A: I got stuck also in calculating of this expectation. :( 
$\mathbb{E}\left[\frac{Z}{a+bZ}\right]=\int_{-\infty}^{\infty} \left( \frac{z}{a+bz}\right)\frac{B(\beta+\alpha,\beta)}{\Gamma(\beta)B(\alpha,\beta)}z^{\beta-1}F(\beta+\alpha;\beta+\alpha+\beta;-z)dz$ 
What I tried to do to get feeling what result could be - I chose $\alpha=3$ and $\beta=2$.
$\frac{B(5,2)}{\Gamma(2)B(3,5)}\int_{-\infty}^{\infty} \left( \frac{z}{a+bz}\right)z^{2-1}F(5;7;-z)dz$
So I could calculate the coefficient before integral with WolframAlpha and it's $\frac{B(5,2)}{\Gamma(2)B(3,5)}=\frac{2}{5}$.
Like I see there're various formulas for the confluent hypergeometric function.

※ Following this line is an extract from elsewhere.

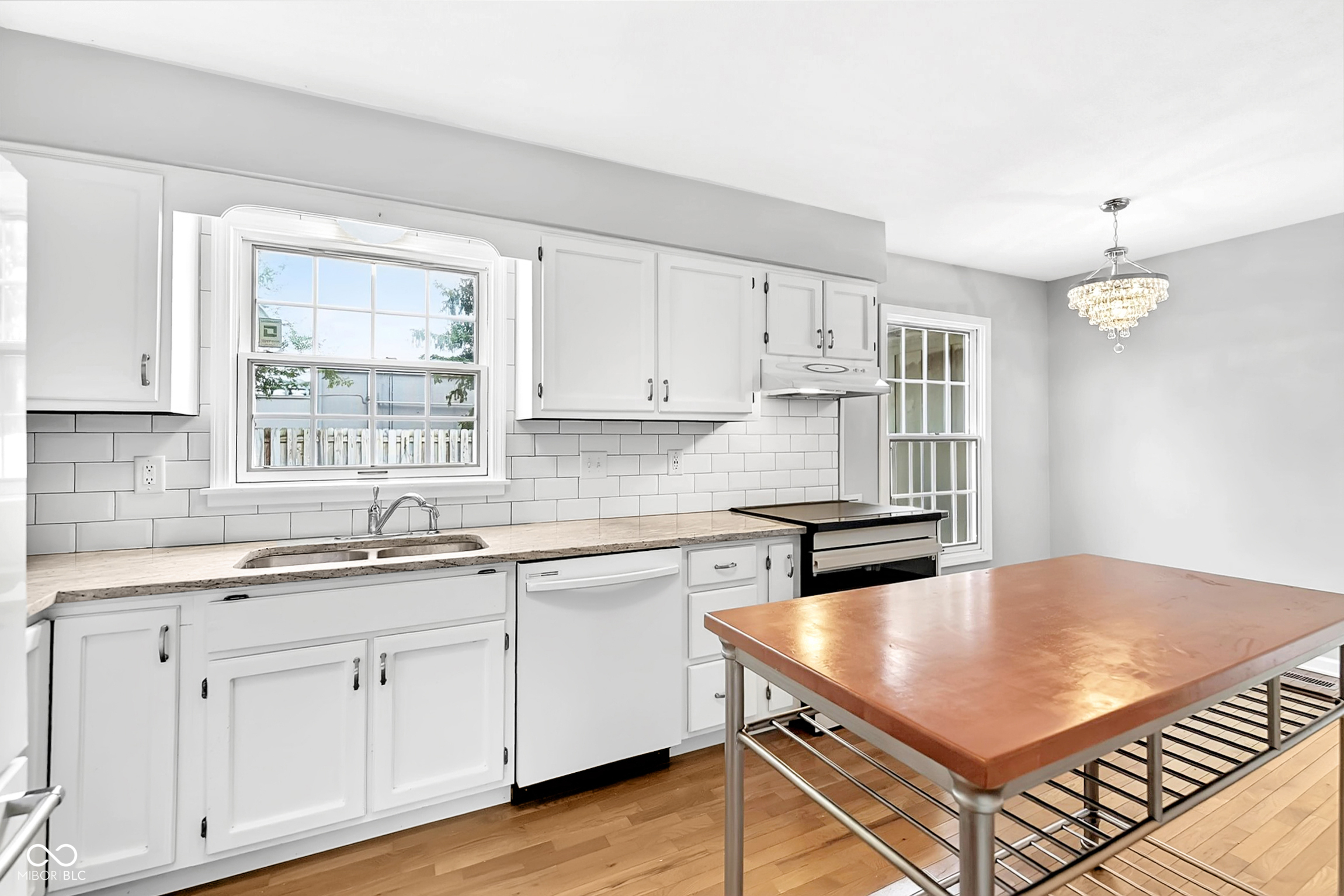 12545 Brompton Road Carmel, IN 46033 - Photo 13 of 36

I use this one.
$F(a;b;x)=\sum_{k=0}^{\infty} \frac{(a)_k}{(b)_k} \frac{x^k}{k!}$. In my case $a=\beta+\alpha=5$ and $b=\beta+\alpha+\beta=7$ are fixed (and integer).
Now I have 
$\frac{2}{5}\int_{-\infty}^{\infty} \left( \frac{z^2}{a+bz}\right)F(5,7,-z)dz$ 
and with the help of WolframAlpha (https://www.wolframalpha.com/input/?i=2%2F5++int+(z%5E2%2F(a%2Bbz))+Hypergeometric1F1%5B5,+7,+-z%5Ddz) I calculate the value of this integral.
The output looks a bit complex. I can not interpret what is says to my problem.
Does somebody see what I maybe did wrong or how can I incorporate this to the problem?